--- Input material Enclosed Below ---

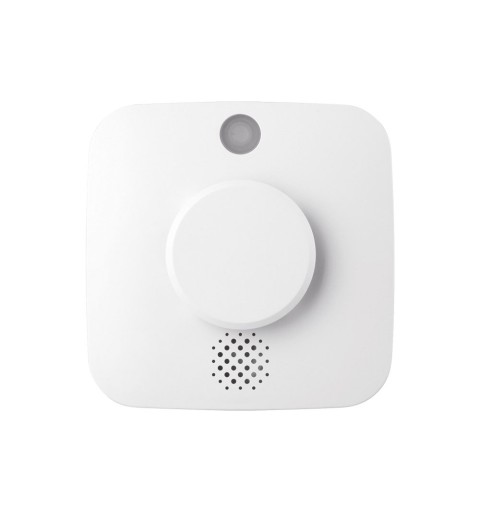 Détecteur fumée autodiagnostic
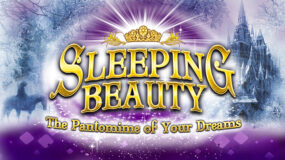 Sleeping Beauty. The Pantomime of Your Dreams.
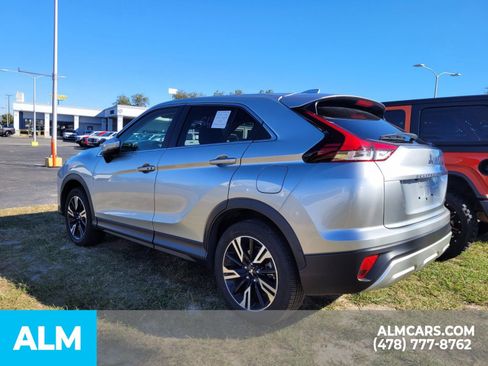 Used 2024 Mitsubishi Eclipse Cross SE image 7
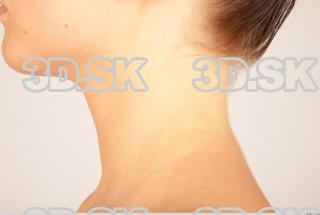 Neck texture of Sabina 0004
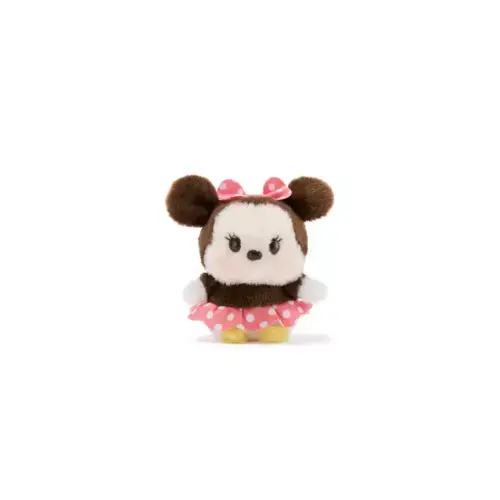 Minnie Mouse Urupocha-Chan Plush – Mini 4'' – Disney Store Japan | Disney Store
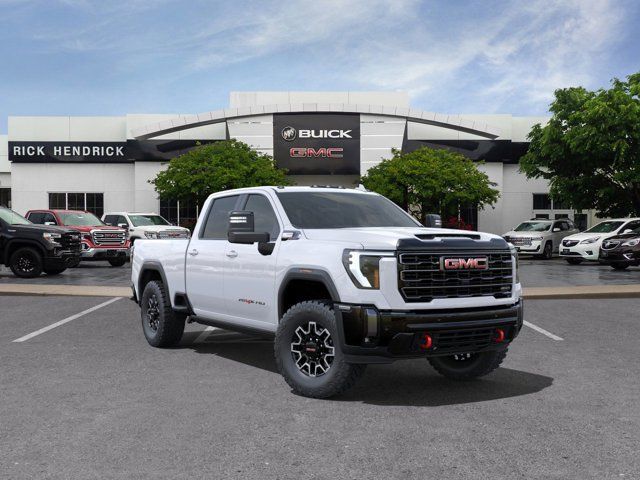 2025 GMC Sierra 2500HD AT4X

--- End of Enclosed Input material ---
--- Input material Enclosed Below ---

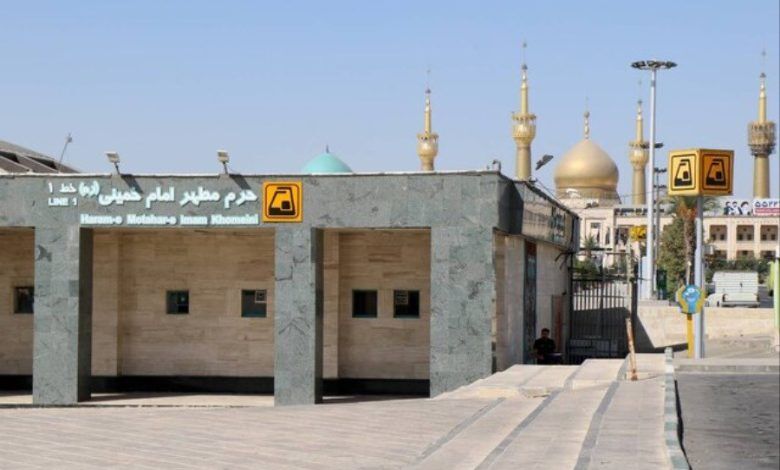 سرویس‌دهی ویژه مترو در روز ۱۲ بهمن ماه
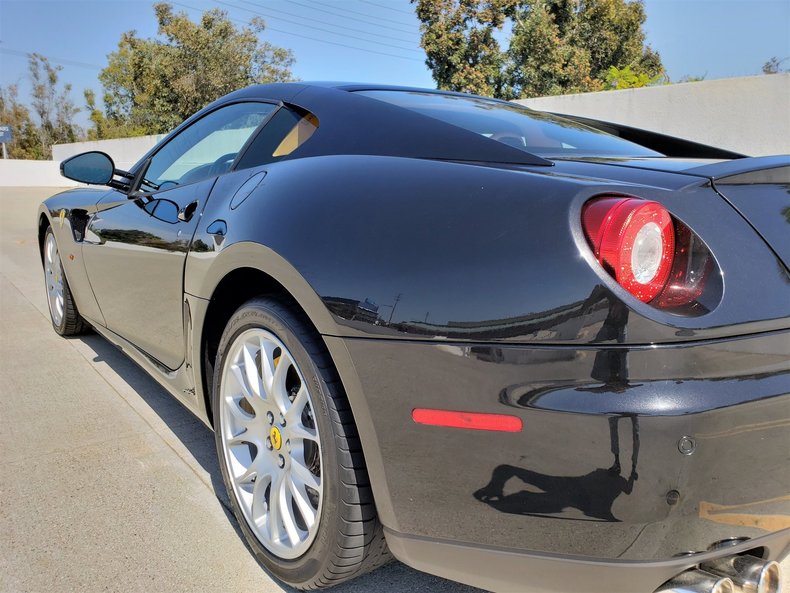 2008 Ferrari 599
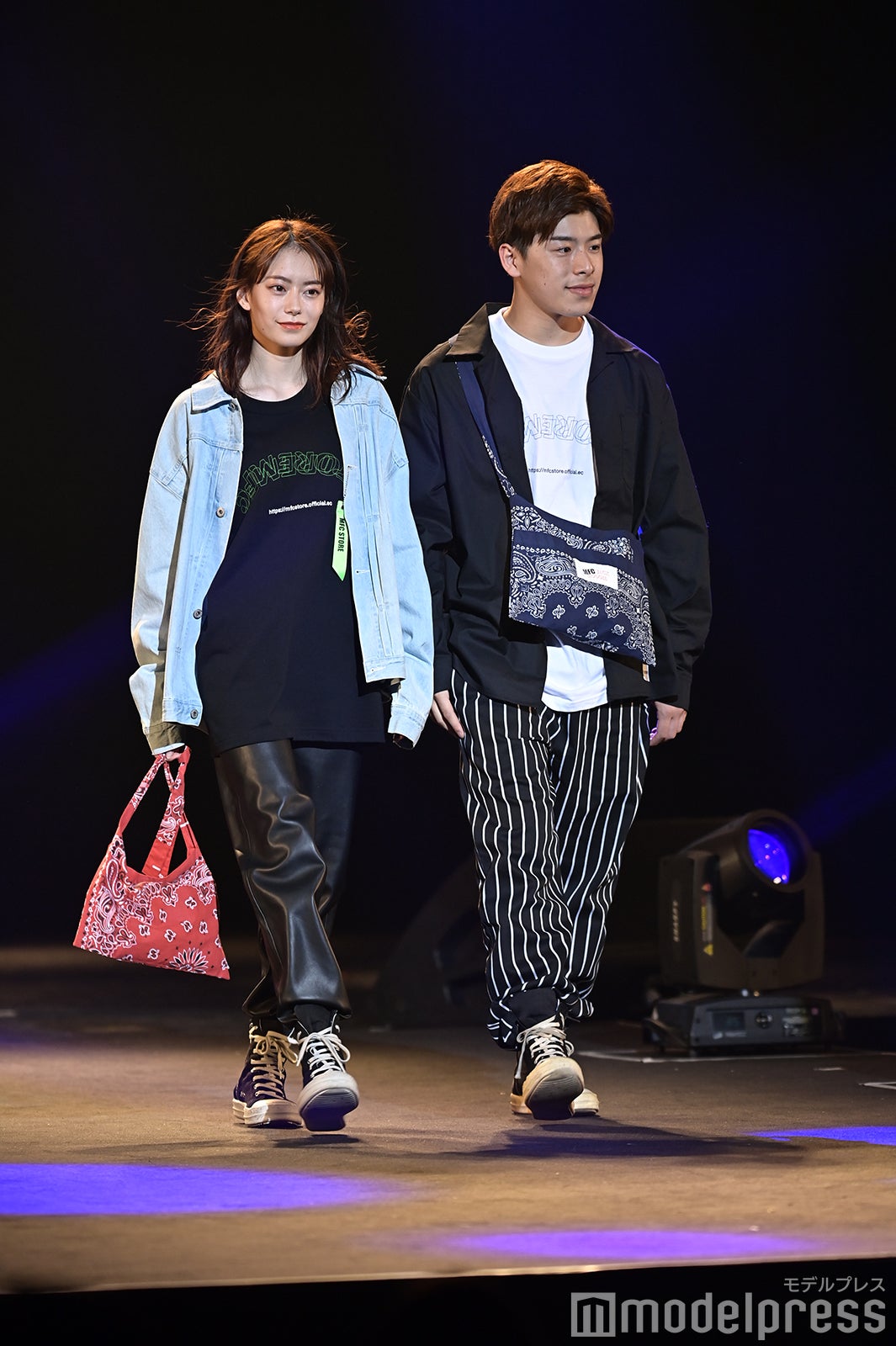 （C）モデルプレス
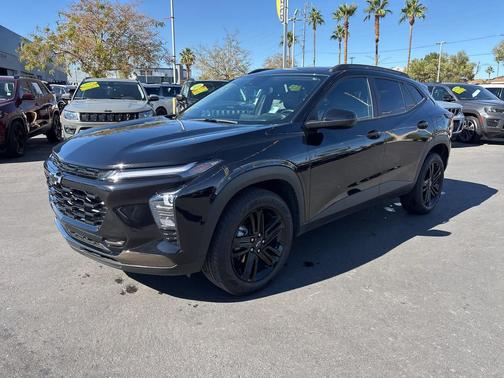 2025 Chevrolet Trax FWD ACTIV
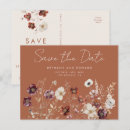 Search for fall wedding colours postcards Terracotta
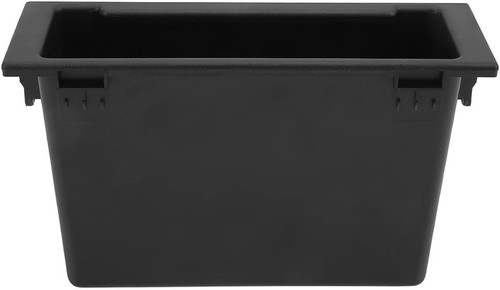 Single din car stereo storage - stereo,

--- End of Enclosed Input material ---
--- Input material Enclosed Below ---

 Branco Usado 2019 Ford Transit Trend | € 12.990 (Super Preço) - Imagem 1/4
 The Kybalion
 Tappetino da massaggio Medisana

--- End of Enclosed Input material ---

■ Problem to work on:
Above are the records; return the lines in them from the one with "2025 Chevrolet Trax FWD ACTIV" to the one with "Single din car", inclusive, exactly and without images.

■ Reply:
 2025 Chevrolet Trax FWD ACTIV
 Search for fall wedding colours postcards Terracotta
 Single din car stereo storage - stereo,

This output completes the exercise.